(Short descriptive text snippets)
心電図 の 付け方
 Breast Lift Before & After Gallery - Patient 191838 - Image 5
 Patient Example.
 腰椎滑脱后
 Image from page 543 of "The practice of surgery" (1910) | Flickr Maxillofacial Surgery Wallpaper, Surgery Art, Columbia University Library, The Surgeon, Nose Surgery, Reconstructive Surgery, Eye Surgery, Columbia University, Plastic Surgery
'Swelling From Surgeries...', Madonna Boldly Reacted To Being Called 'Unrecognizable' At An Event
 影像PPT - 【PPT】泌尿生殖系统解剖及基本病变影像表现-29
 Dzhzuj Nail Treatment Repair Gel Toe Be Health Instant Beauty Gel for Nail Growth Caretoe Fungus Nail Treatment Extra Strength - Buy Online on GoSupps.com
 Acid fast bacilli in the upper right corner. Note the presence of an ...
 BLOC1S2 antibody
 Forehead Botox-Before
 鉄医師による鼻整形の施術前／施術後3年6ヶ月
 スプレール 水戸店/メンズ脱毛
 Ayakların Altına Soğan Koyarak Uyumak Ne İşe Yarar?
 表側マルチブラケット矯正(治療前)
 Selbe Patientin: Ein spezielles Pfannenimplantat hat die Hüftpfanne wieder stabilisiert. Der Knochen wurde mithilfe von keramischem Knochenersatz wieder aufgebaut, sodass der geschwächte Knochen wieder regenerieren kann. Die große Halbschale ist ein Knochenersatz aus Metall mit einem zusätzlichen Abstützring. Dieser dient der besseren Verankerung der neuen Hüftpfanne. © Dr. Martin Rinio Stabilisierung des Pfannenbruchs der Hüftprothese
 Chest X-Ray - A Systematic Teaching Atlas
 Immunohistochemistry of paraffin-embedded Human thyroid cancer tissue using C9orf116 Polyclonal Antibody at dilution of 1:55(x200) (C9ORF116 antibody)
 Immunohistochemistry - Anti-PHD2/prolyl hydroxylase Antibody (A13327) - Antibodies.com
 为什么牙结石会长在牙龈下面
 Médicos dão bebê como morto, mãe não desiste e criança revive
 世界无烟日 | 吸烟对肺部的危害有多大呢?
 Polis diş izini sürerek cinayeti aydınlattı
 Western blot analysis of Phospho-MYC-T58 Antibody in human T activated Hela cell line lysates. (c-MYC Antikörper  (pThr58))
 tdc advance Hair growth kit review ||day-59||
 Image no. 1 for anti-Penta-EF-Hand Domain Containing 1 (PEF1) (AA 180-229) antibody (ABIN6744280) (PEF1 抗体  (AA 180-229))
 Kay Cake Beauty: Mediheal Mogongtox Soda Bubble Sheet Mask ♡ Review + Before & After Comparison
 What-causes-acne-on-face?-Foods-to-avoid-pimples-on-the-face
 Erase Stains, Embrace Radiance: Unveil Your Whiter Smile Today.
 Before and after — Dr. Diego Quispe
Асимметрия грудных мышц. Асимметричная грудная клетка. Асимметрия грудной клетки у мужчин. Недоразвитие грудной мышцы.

_Work order_
Having located the line containing "为什么牙结石会长在牙龈下面", set it down along with every line after it through the end of the data, reproducing each exactly.

_Answer section_
 为什么牙结石会长在牙龈下面
 Médicos dão bebê como morto, mãe não desiste e criança revive
 世界无烟日 | 吸烟对肺部的危害有多大呢?
 Polis diş izini sürerek cinayeti aydınlattı
 Western blot analysis of Phospho-MYC-T58 Antibody in human T activated Hela cell line lysates. (c-MYC Antikörper  (pThr58))
 tdc advance Hair growth kit review ||day-59||
 Image no. 1 for anti-Penta-EF-Hand Domain Containing 1 (PEF1) (AA 180-229) antibody (ABIN6744280) (PEF1 抗体  (AA 180-229))
 Kay Cake Beauty: Mediheal Mogongtox Soda Bubble Sheet Mask ♡ Review + Before & After Comparison
 What-causes-acne-on-face?-Foods-to-avoid-pimples-on-the-face
 Erase Stains, Embrace Radiance: Unveil Your Whiter Smile Today.
 Before and after — Dr. Diego Quispe
Асимметрия грудных мышц. Асимметричная грудная клетка. Асимметрия грудной клетки у мужчин. Недоразвитие грудной мышцы.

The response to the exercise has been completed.